The Namecoin and Emercoin blockchains were designed to provide decentralized and takedown-resistant domain names to users with the reported goal of promoting free speech. By leveraging unofficial Top-Level Domains (TLDs) such as .bit and alternate DNS resolution methods such as the OpenNIC project, users can register and configure their own domains on these blockchains at a relatively cheap price.
In recent years, cybercriminals have adopted and abused this infrastructure and implemented it into well-known malware such as Dimnie, Smoke Loader, and Necurs as well as larger, more targeted workflows. The resiliency of blockchain techology prevents researchers and ISPs from taking down or sinkholing these domains. In addition, limited public knowledge of this threat in a larger context and the constraint of alternative DNS resolution mitigates an analyst's ability to map out related domains and IP addresses when malicious activity is identified.
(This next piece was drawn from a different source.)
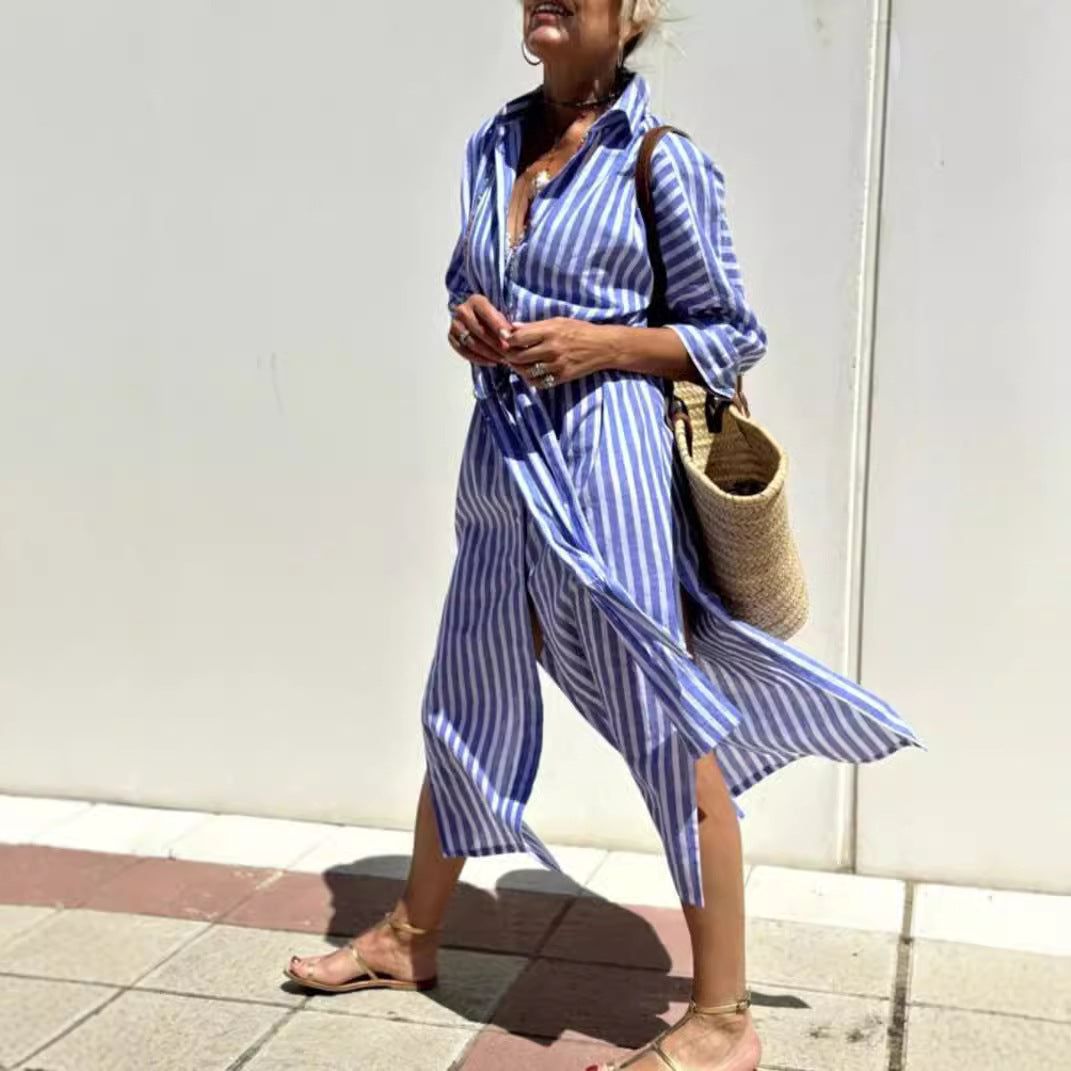 Striped Shirt Dress With Belt Fashion Half-sleeved Lapel Button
On the other hand, blockchain-based infrastructure comes with a serious drawback: data added to or removed from these blockchains becomes a permanent record of a threat actor's activity. This talk is intended to leverage this attribute to tackle these issues, providing high and medium-confidence methodologies for mapping out these blockchains through TTP analysis, script-based transaction mapping, and index-based infrastructure correlation. In doing so, analysts will be able to generate additional intelligence surrounding a threat and proactively identify likely malicious domains as they are registered or become active on the blockchain.